Comment dire, j’ai dévoré « Ciao Bella », le premier roman de Séréna Giuliano et quand j’aime le 1er j’achète le prochain et suis l’auteure quand je peux.

L’Italie que j’ai découvert avec toi, Maman partie trop tôt…… je t’aurais fait connaître des auteurs, nous aurions partagé les romans, arpenter les allées des salons du livre et aussi celles des librairies peu nombreuses à Vannes.

Cette année, le salon du livre a lieu autour de ton anniversaire, le cadeau que je t’aurais offert comme d’habitude, un ou 2 livres dédicacés peut-être, un gros bouquet de fleurs (roses jaune/oranger).

Cet a.midi, je suis allée m’offrir des romans, comme disent mes collègues « tu es tombée dans la marmite des livres », tant attendus, sous fond musical de James Blunt et Ed Sheeran.

Voici le résumé :

« Ciao, Sofia, qu’est-ce que je te sers ? Comme d’habitude ? Et j’ajoute un cornetto, parce qu’il faut manger, ma fille !

  • Oui, merci, Maria. »

Je m’installe en terrasse, face à la mer, comme chaque matin depuis que suis de retour en Italie. j’aime bien travailler au son des tasses qui s’entrechoquent. Et, au Mamma Maria, j’ai toujours de la compagnie. Il y a ceux qui viennent tuer le temps. Il y a les enfants qui rêvent devant le comptoir à glaces. Il y a les ados qui sirotent un soda, monsieur le curé, et, surtout, mes partenaires de scopa.

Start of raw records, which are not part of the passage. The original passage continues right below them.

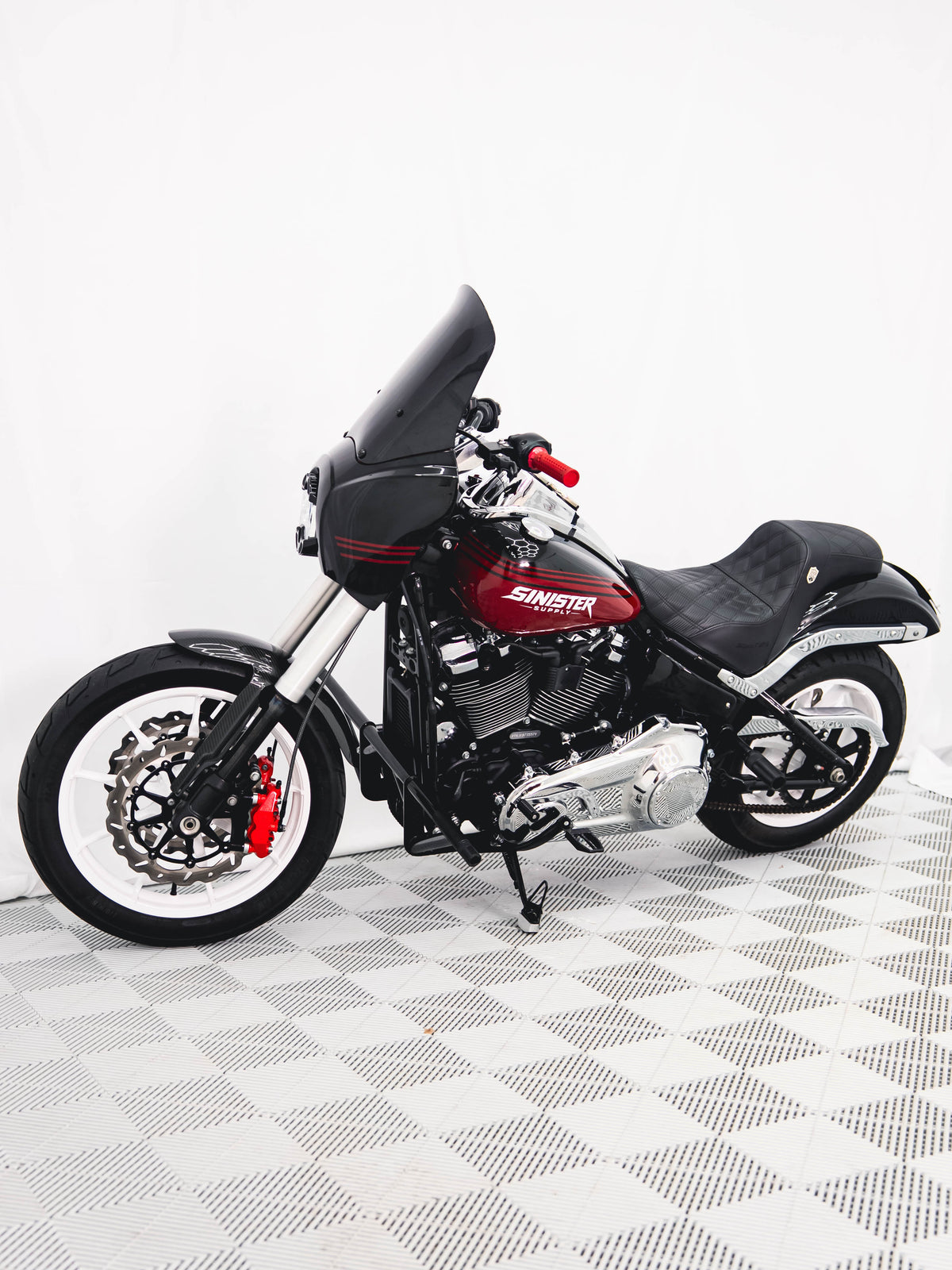 2019 LOW RIDER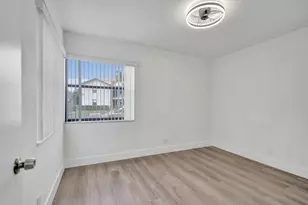 7674 Tahiti Ln, Lake Worth, FL 33467 - Photo 19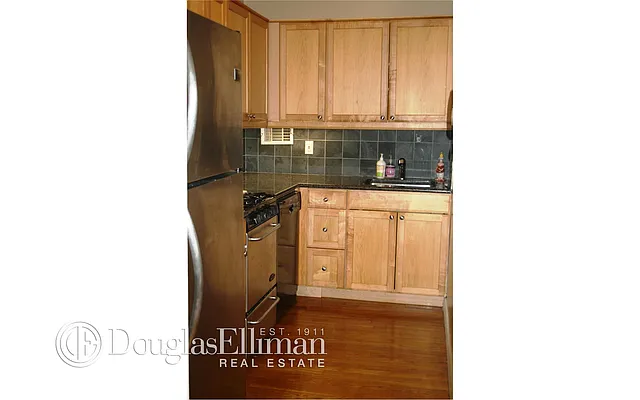 Rented by Douglas Elliman | media 15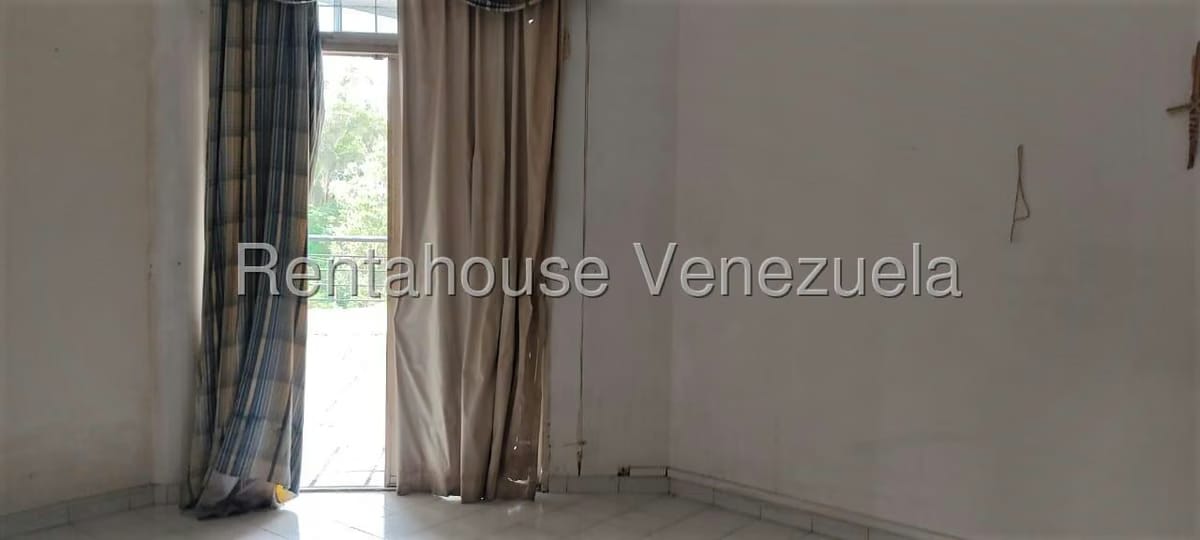 Casa (Duplex) en Venta en Los Picachos, Miranda - 26
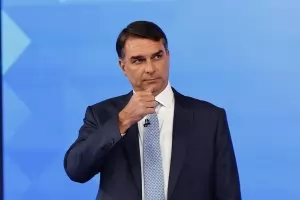 Флавио Болсонару отрича да е бягал от Бразилия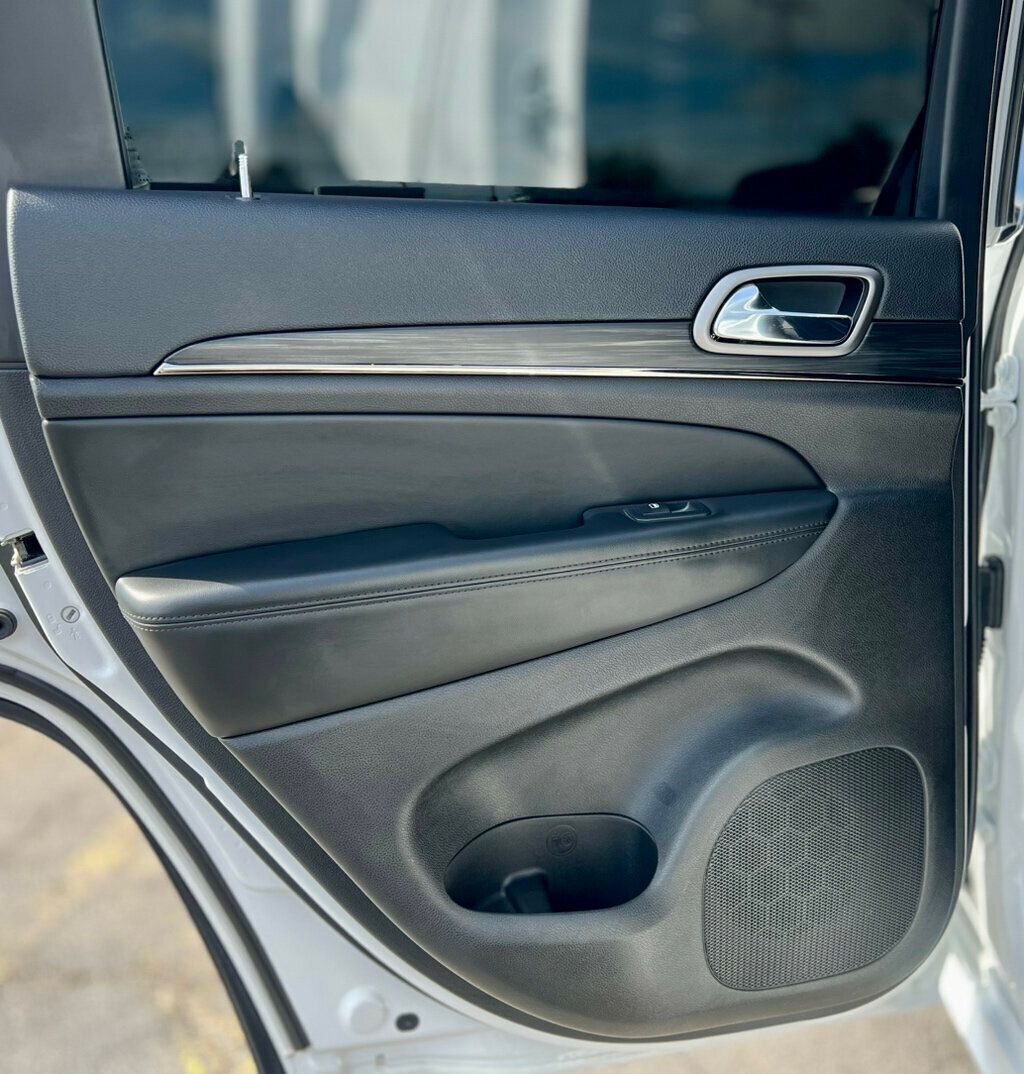 2020 Jeep Grand Cherokee LIMITED - 22903866 - 16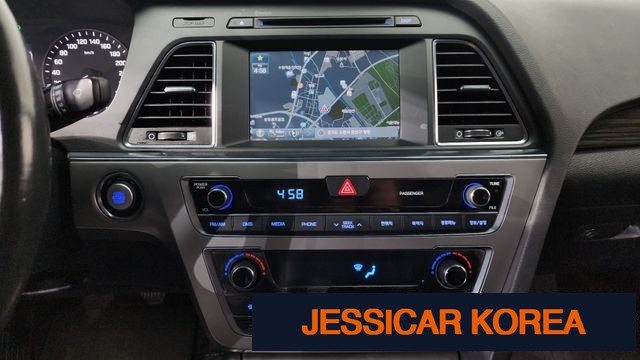 2015 Hyundai LF Sonata - Thumbnail 19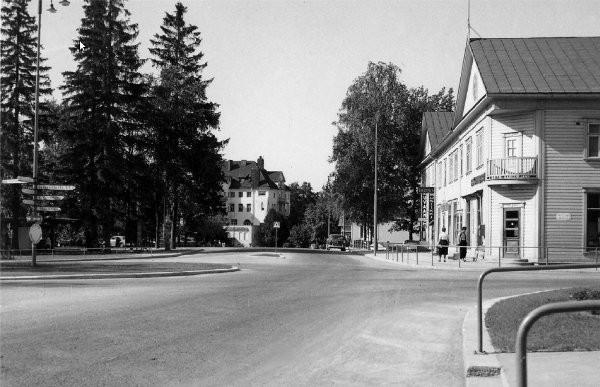 Vanha Skutnabb eli napinkulma Vanha Napinkulma oli paikka jonka tiesivät kaikki Imatran lähiseudulla asuvat. Napinkulman talossa sijaitsi myös Airaksisen valokuvaamo.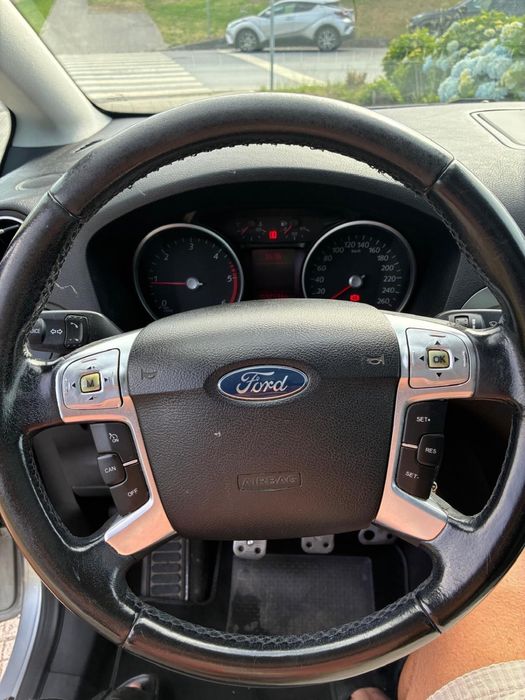 Vendo Ford  4300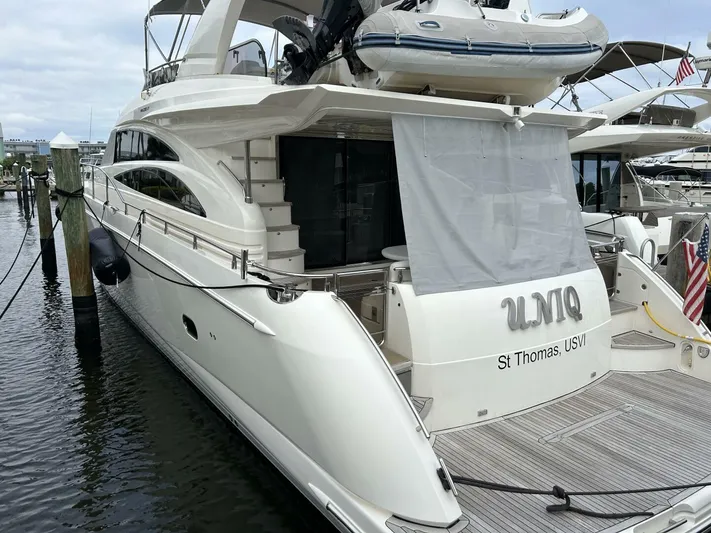 Uniq III Yacht Photos Pics 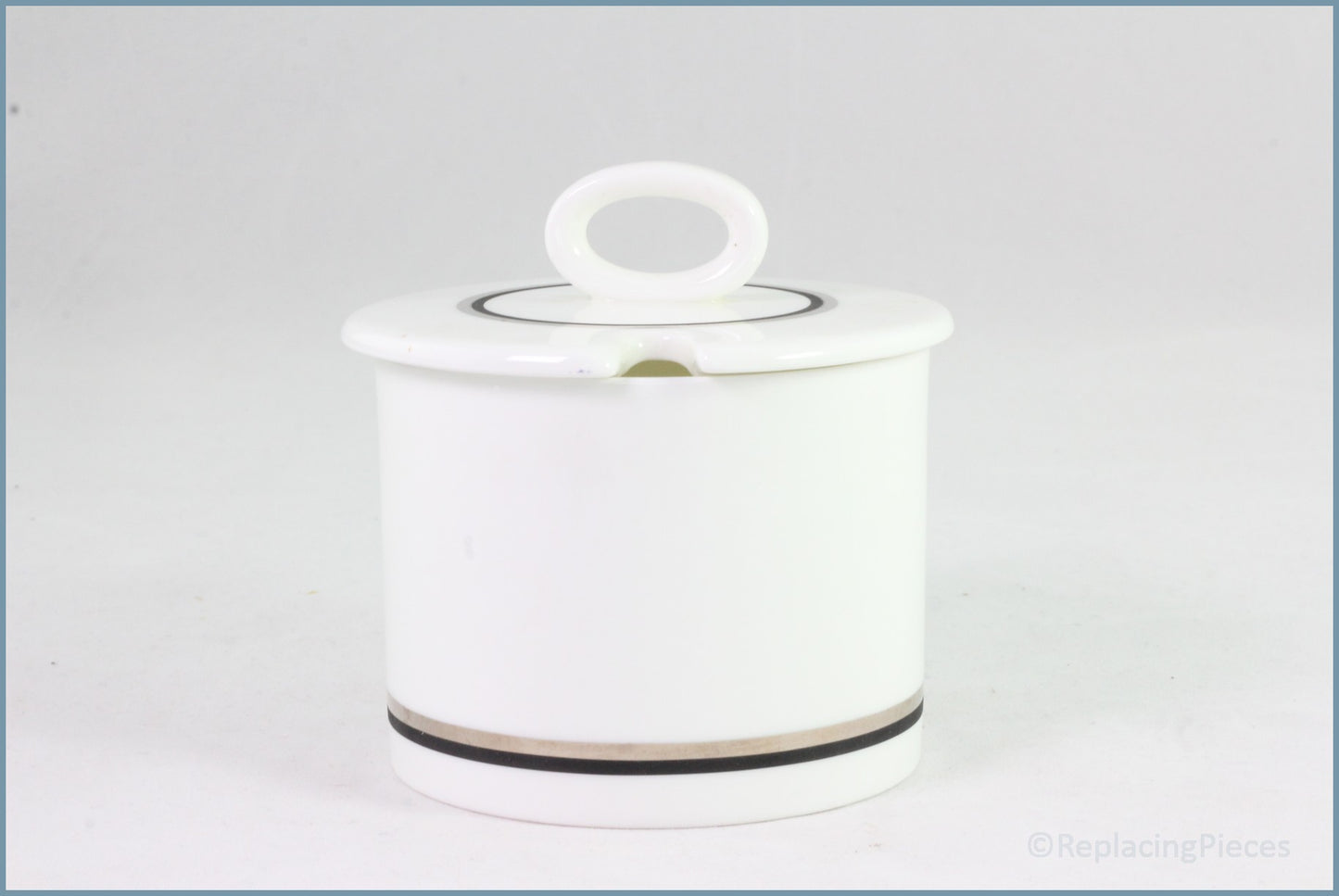 Wedgwood (Susie Cooper) - Charisma - Lidded Sugar Bowl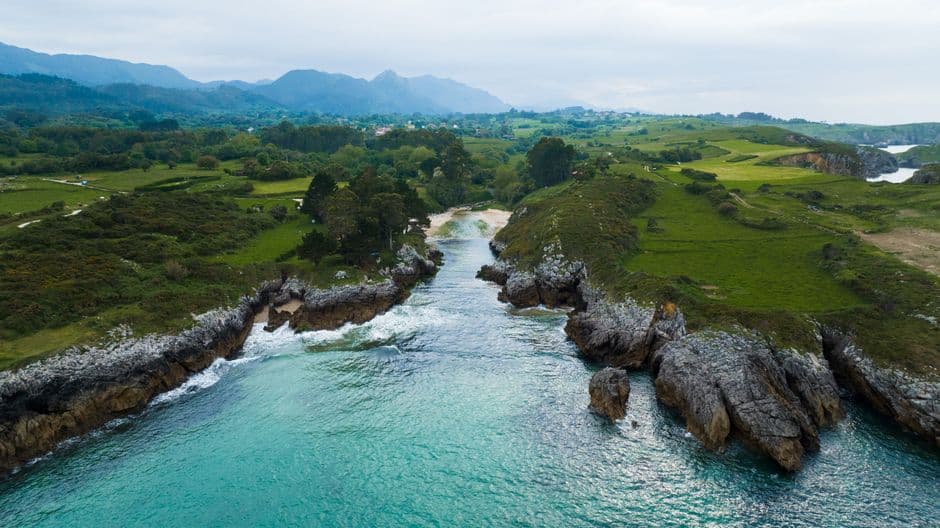 Costa española con acantilados y playas, en la sala de chat de Amorebieta-Etxano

Ici, on vient échanger quelques mots, partager un apéro, esquiver la solitude ou écouter Celentano. Moi, je viens pour me persuader que j’ai bien fait de quitter Paris…. et l’autre abruti.

Il fait quand même meilleur ici.

Et puis, on cherche aussi à profiter de la bonne humeur (ou non) de Maria, qui mène, comme une mamma, tout ce petit monde à la baguette.

Bref, j’ai enfin retrouvé mon village paisible.

Enfin, paisible jusqu’au jour où…..

Mamma Maria, un ristretto d’Italie

J’ai une grande hâte de me plonger dans ce roman, partie en Italie et déguster un bon ristretto à la terrasse d’un café, regarder les enfants jouer, écouter les petits potins….

C’est lundi, que lisez-vous ?

Eh oui, c’est la question qui revient toutes les semaines, mais certains ne répondent pas, je pense que leurs lectures sont secrètes. Moi, je la dévoile, je continue « Se le dire enfin » d’Agnès Ledig. Après ce roman, je lirais un SP mais je n’ai pas le droit de vous révêler le titre et le nom de l’auteur. La personne se reconnaîtra. Il va falloir que je mette le turbo. A plus tard, bonnes lectures.